The Left Can’t Abandon Political Independence
Socialists have demonstrated the tactical utility of running on the Democratic Party ballot line. But making our peace with the party would be a mistake — to accomplish our goals, independent political organization and identity is indispensable.

A protester in Columbus, Ohio, holding a Democratic Socialists of America flag at a demonstration against the overturning of Roe v. Wade, June 24, 2022. (Wikimedia Commons)
In a recent contribution to Jacobin, Chris Maisano provides a potted history of two twentieth-century efforts at realigning the United States’ two main political parties. In one case, right-wingers succeeded in transforming the Republican Party of Dwight Eisenhower into a true conservative party, setting the stage for the party’s further-right realignment under Donald Trump.
Meanwhile, liberals, civil rights activists, labor leaders, and socialists worked to realign the Democrats in the 1960s and ’70s. Progressives did not succeed in their goal of winning a social democratic party.
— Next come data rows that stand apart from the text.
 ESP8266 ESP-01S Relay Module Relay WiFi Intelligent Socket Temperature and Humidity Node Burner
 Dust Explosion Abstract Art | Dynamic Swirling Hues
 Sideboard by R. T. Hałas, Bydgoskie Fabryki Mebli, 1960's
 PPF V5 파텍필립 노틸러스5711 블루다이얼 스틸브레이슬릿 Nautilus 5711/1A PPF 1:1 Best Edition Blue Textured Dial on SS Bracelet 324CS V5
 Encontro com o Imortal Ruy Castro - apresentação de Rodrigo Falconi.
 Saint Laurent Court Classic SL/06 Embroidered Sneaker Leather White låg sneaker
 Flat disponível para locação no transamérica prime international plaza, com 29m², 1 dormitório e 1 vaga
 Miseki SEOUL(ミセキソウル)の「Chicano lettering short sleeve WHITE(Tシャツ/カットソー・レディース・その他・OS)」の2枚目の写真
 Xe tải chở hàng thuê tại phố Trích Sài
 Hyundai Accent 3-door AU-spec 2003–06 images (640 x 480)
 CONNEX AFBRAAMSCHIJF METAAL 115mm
But they did succeed in pushing out conservative Southerners, remaking the Democratic Party from a Dixiecrat/New Deal coalition into a properly liberal organization.
The upshot of this history, Maisano argues, is that the Left today ought to embrace the strategy of attempting to realign the Democratic Party. If right-wingers could realign the Republicans and leftists could achieve a partial realignment of the Democrats, he seems to suggest, then the Left today might remake the Democrats in our own image.